Nous sommes intervenus le 16 juillet 2001 au GEVES (Groupe d’étude et de contrôle des variétés et des semences, La Minière, 78285 Guyancourt cedex)*, pour détruire une parcelle de 3000 m2 d’un maïs transgénique insecticide.

Le GEVES est un organisme d’Etat fonctionnant sous la houlette de l’INRA, du ministère de l’Agriculture et du GNIS, groupement des industriels semenciers. Pour être mises sur le marché, toutes les variétés de semences doivent être expérimentées, contrôlées et homologuées par cet organisme. A ce titre, le GEVES participe à l’organisation d’un marché captif et le légitime – qui oblige les paysans à racheter aux industriels chaque année les semences nécessaires à leurs cultures. Les OGM ne sont que l’ultime avatar de cette organisation de la dépossession, qui n’a pour but que de manipuler et domestiquer tout ce qui vit sur terre.

“Un jugement du GEVES est un jugement sûr”, affirme-t-on dans ce milieu. C’est-à-dire un jugement devant lequel il n’y aurait plus qu’à s’incliner. Les experts, qu’ils soient du GEVES ou d’ailleurs, ont déjà permis et justifié tant de désastres que leur fonction même ne nous paraît pas nécessaire.
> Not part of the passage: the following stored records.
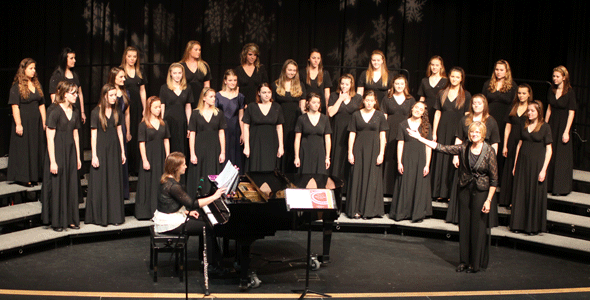 Choir hosts holiday concert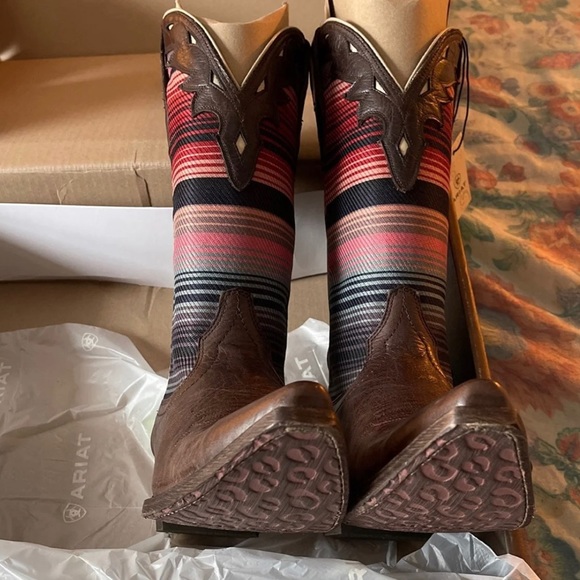 NIB Ariat Wood Bottom Circuit Serape Boots - Picture 5 of 8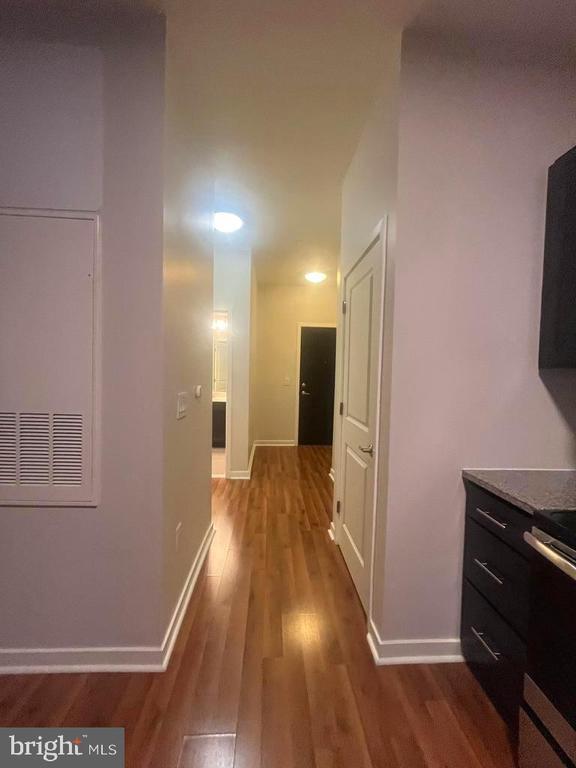 Building Photo - 401 Race St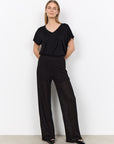 Transparente Hose in Schwarz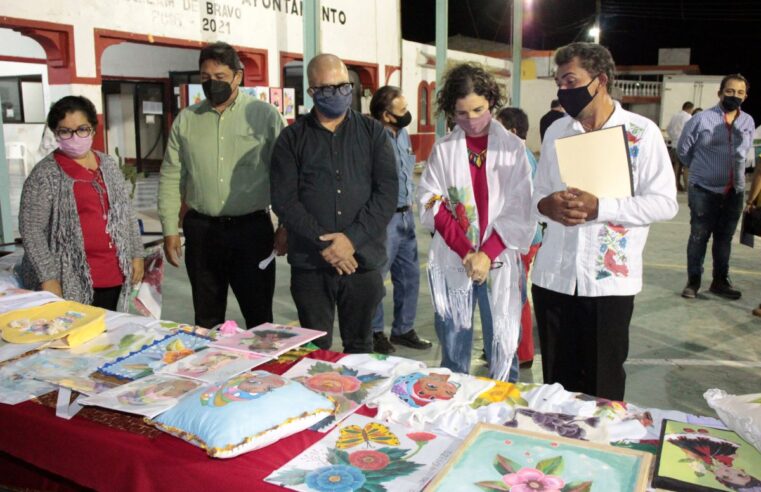 El Arte contribuye a la economía de varias familias de Dzilam de Bravo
Nous refusons le monde de la catastrophe permanente dans lequel ils prétendent nous faire survivre.

Pas besoin d’être experts en sabotage ni de disposer de beaucoup de moyens pour appliquer le seul principe de précaution raisonnable : la destruction !

Les ravageurs


* Pierre-Louis Lefort, Président du GEVES.Tél. : 01 30 83 35 50
Nicole Ladet, diffusion de l’information technique.Tél. : 01 30 83 36 76


[Extrait de Cette Semaine #83, sept/oct 2001, p.35]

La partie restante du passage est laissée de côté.